Aerospike is pleased to announce the availability of our 4.3 release.
The 4.3 release contains two key features: All Flash, and uniform balance.
Aerospike is focused on ease of deployment, and easy deployment means efficiency and lower hardware costs, as well as easy to understand and configure transactional consistency. This release builds on Aerospike 4.0 Strong Consistency, now proven through production use; 4.1, which introduced a number of enterprise security features such as data at rest and LDAP integration, and Aerospike 4.2, which includes a storage format improvement which decreases storage requirements by up to 2x in some cases.
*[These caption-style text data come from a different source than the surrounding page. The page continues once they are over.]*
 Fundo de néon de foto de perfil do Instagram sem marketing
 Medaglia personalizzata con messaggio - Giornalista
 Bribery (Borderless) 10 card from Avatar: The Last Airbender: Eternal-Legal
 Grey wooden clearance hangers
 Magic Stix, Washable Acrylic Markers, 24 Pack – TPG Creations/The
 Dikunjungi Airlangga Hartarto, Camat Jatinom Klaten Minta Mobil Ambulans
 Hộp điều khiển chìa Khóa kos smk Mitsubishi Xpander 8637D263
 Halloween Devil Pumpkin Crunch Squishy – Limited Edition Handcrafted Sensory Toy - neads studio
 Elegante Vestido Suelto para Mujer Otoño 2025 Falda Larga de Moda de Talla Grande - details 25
Aerospike’s All Flash feature extends Aerospike’s offerings in Hybrid Memory to support a broader set of cases. These uses surround having a very large number ( 100’s of billions ) of small ( < 1000 byte ) objects , which is common in architectures which store individual behaviors as separate database elements, or the need to segregate data elements for GDPR-style data layouts.
In these cases, Aerospike can now be configured to use storage ( often NVMe Flash drives ) as the index. This can radically reduce cost in these cases, although it also increases latency as storage is used for indexes instead of DRAM in Aerospike’s traditional Hybrid Memory configuration. Aerospike is still very high performance. In testing, we’ve seen 150 byte objects still result in 99% < 2ms latencies on Amazon i3 instances – and much higher performance on more modern hardware.
This feature extends Hybrid Memory to provide Aerospike reliability, consistency, and ease of use to areas where traditional relational systems may seem the first choice. By adding to our deployment options, Aerospike provides tiers of deployment strategies suitable for large-scale systems of record where HBase or HDFS may have been the first choice previously.
Uniform balance is a feature which subtly changes Aerospike’s data distribution mechanism, with large positive impacts for deployments with larger cluster sizes – often reducing the cluster size and reducing the hardware cost of running Aerospike.
Aerospike’s prior implementation used a form of random allocation of partitions to nodes, which would normally result in slight differences between the amount of data. That algorithm was chosen because it minimizes the amount of data motion required when nodes are added and removed from clusters. However, we also found that because of the random distribution, some customers were requiring more nodes than were strictly required.
In the following live customer graph, the 90 node Aerospike cluster responded very positively to Uniform Balance. The following real-world case shows the improved data distribution.
Since one no longer has to plan for the “worst case” node you see on this graph, one can reduce cluster hardware and thereby save money. In several real-world cases, we have found that hardware reductions from 30% to 50% are possible.
As always, in-place upgrades through a “rolling update” from prior versions with no service downtime is still recommended.